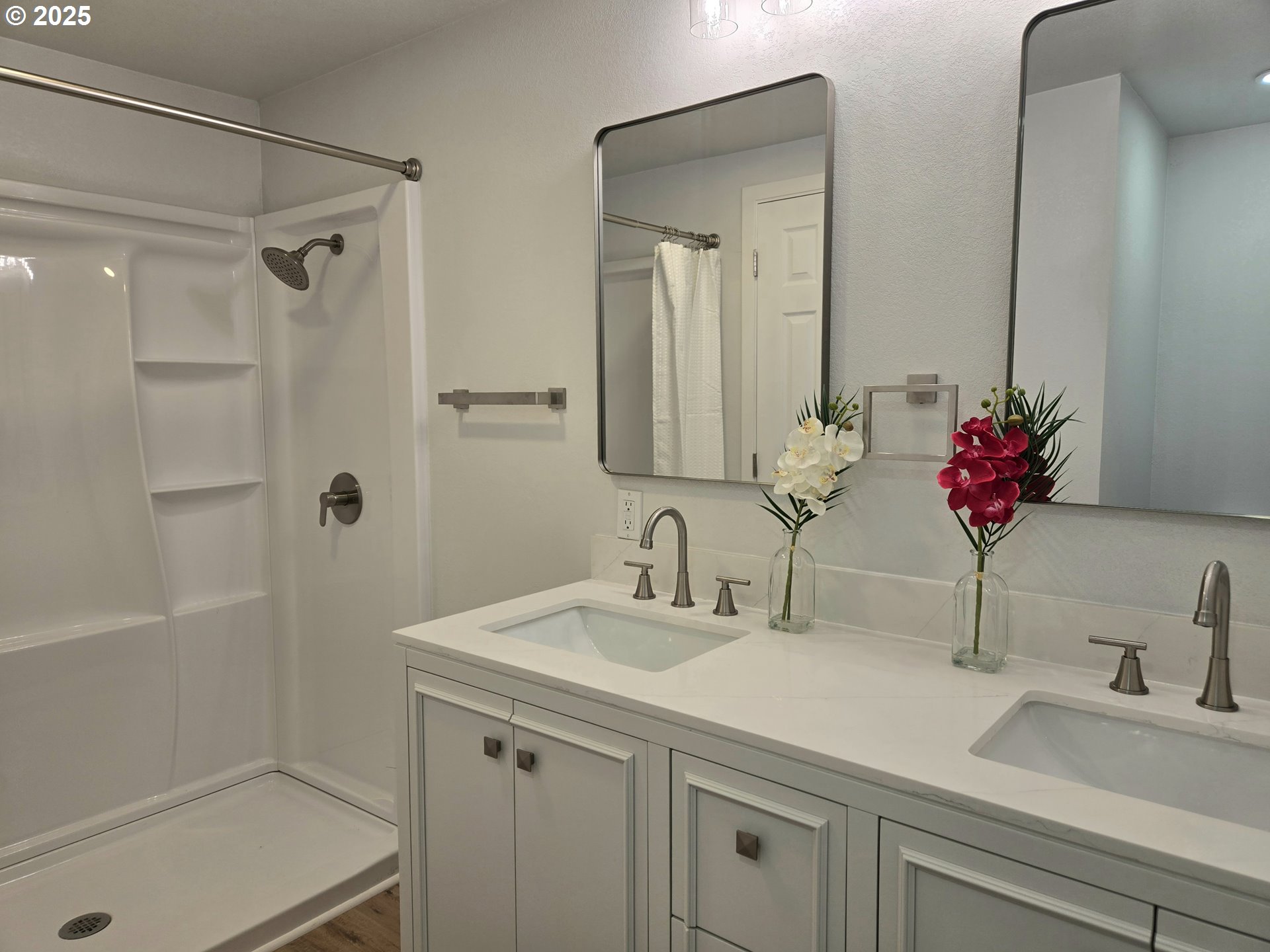 27171 Clear Lake Road, Unit 17 Eugene, OR 97402 - Photo 24 of 35 Bedroom, Owner's Suite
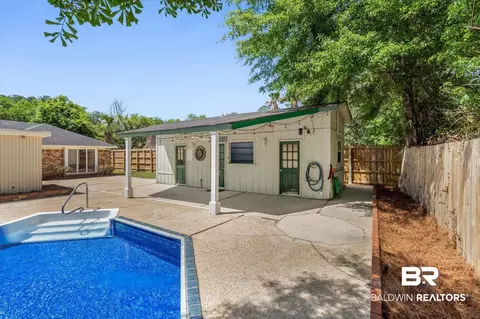 Exterior - 3724 S Claridge Rd, Mobile, AL 36608 photo 5 of 10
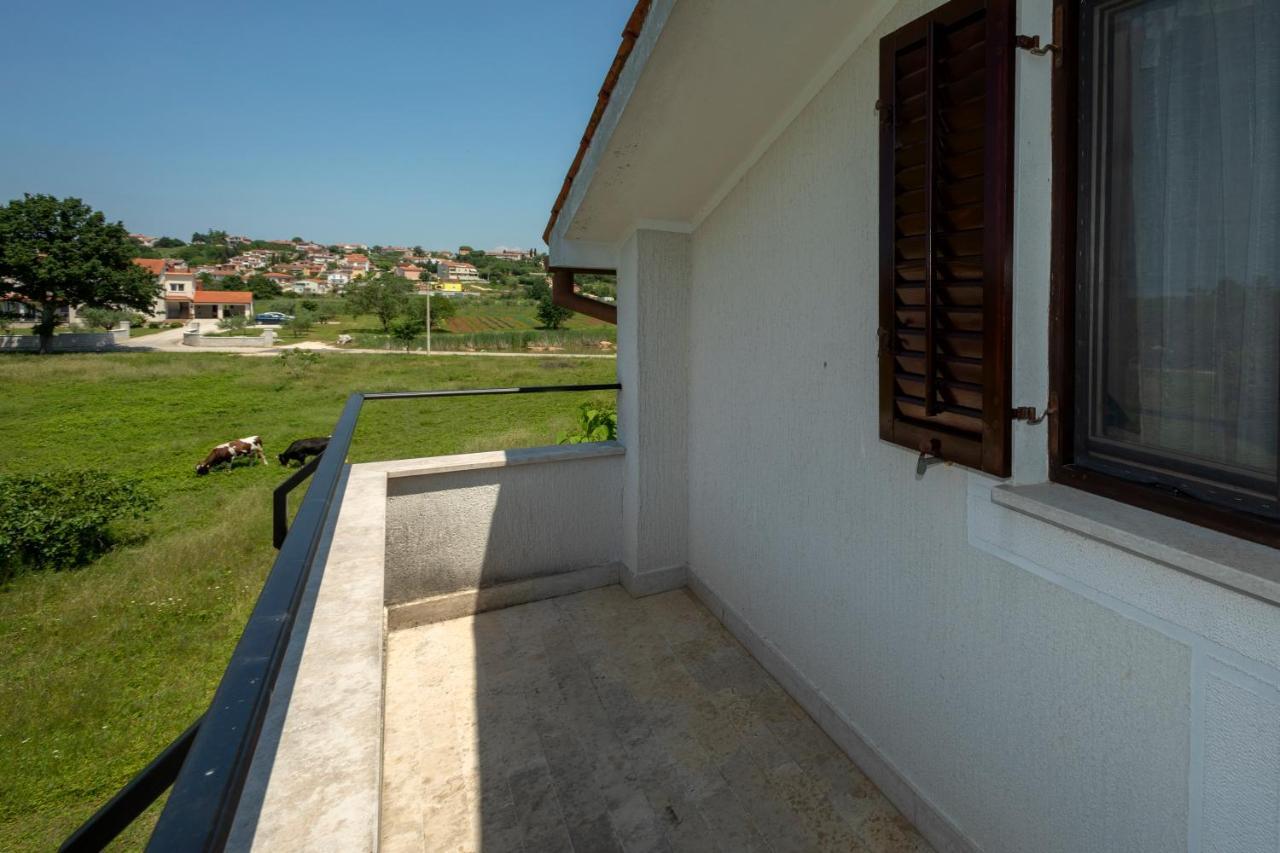 App Fiorela Poreč Exterior foto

=== EXERCISE BRIEF ===
Excluding the pictures, retype the line containing "Exterior - 3724" and all lines after it down to the end of the data above.

=== YOUR RESPONSE ===
 Exterior - 3724 S Claridge Rd, Mobile, AL 36608 photo 5 of 10
 App Fiorela Poreč Exterior foto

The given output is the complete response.